SIP Witch operates as a daemon service. It normally will automatically start when you reboot and can be managed from the standard desktop “services” applet. When you update the sipwitch package through apt, the service is automatically stopped and restarted for you, but this will terminate any active phone calls. You can also change sipwitch configuration files at any time and reload them into the currently running server without any downtime.
Controlling the Server
The primary interface for controlling the server is with the “sipwitch” shell command. This will talk to the running instance of the daemon. If you are in the “sipwitch” group in /etc/group, then you will not need to be root to do this.

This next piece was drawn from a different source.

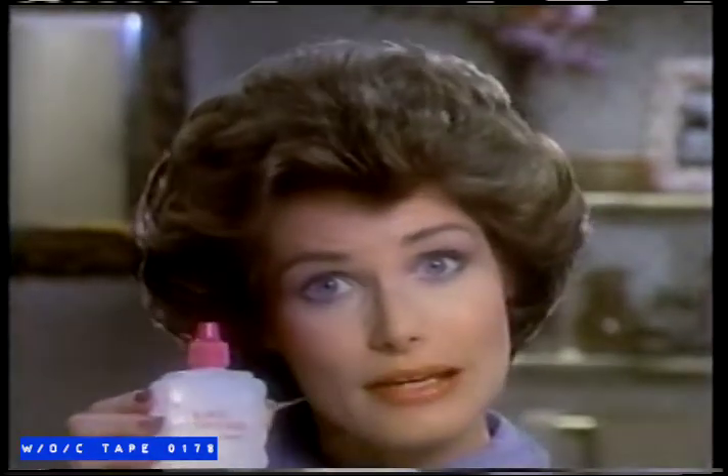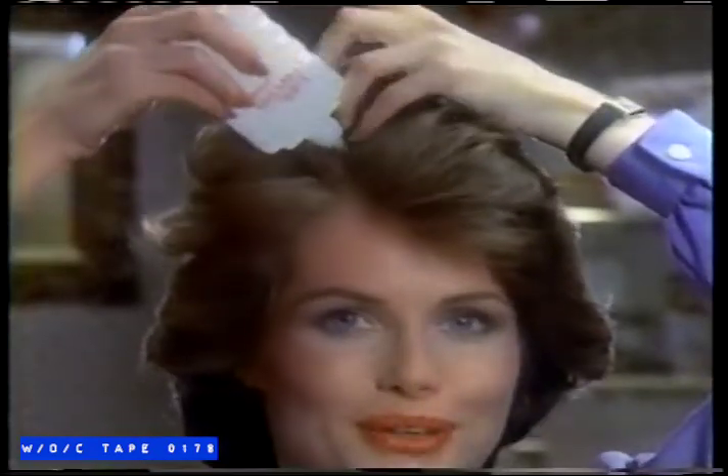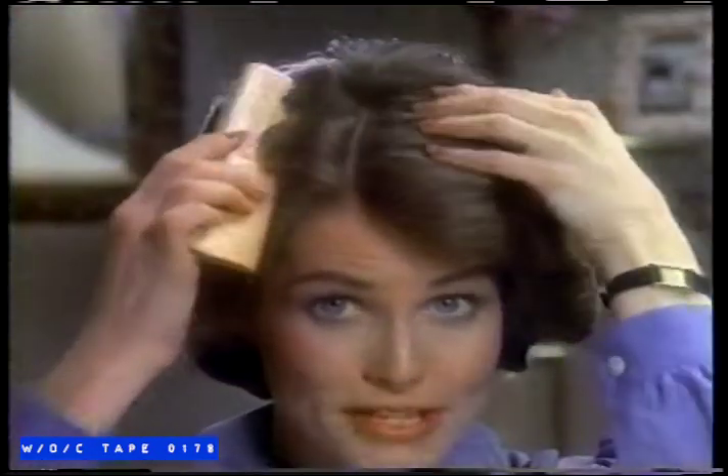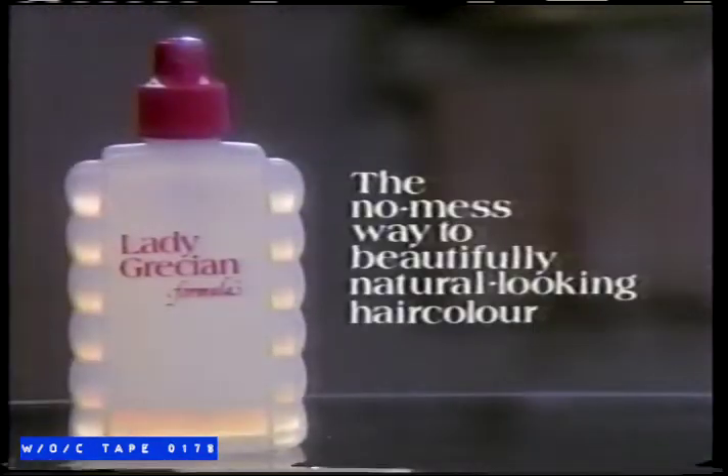Now I use Lady Grecian. It's really easy. No mess. Lady Grecian gradually brings back natural-looking color unnoticeably, and no messy root touch-ups. Beautiful hair is possible without all that mess. With Lady Grecian formula, the no-mess way to beautifully natural-looking hair color.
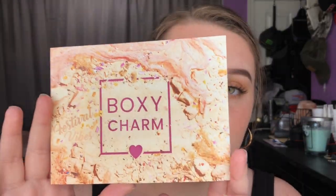So now I'm going to move on to my April BoxyCharm. I finally got a card in my box this month — for the last couple months, I haven't gotten these cards that we usually get. So for April, the theme is festival vibes, and I got variation number four.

The list of commands available can be found with “man sipwitch”. Yes there is a man page graphics1 . Of particular use is:
sipwitch calls – lists active calls in progress (no output if none) sipwitch registry – lists registered extensions sipwitch status – single line state table sipwitch stats – running call stats (always useful even if idle…) sipwitch reload – reloads configuration after config files changed
Server Log Files
There are three primary log files:
/var/log/sipwitch.log – basic error and activation logging /var/log/sipwitch.stats – call statistics every hour /var/log/sipwitch.calls – record of each call
These are automatically rotated based on /var/logrotate.d/sipwitch
There is also a /etc/cron.hourly/sipwitch which generates hourly statistics.
Using SIP clients
Any standard’s compliant SIP user agent may be used with sipwitch. The minimum requirement is to configure your sipwitch server as both the registrar and outbound proxy. Since SIP Witch does no media processing, any audio or video encoding method supported by your user agents may also be used. This document will focus on those clients most commonly found distributed in Ubuntu, and focusing first on those clients that offer secure calling capabilities.
Installing this client on Debian or Ubuntu requires only using apt-get install twinkle.
The client should have a user profile as following:
The “user name” is the xxx id used in the <user id=”xxx”> entry.
The “domain” is the yyy domain in the main config <stack><domain>yyy entry.
The SIP Authentication should have:
realm = realm as set in <registry><realm>.
authentication name = <user id=”xx”> entry, same as “User Name” field.
password = value of <secret>zzz in <user> entry
Under security tab, set “Enable ZRTP/SRTP encryption”
There are a number of priorities in GNU SIP Witch development. These include development of RTP media proxying for automatic NAT penetration, plugins for loading sipwitch extension tables from external database sources, and a front-end management layer for such externalized databases. Any and all community help with SIP Witch development is always welcome.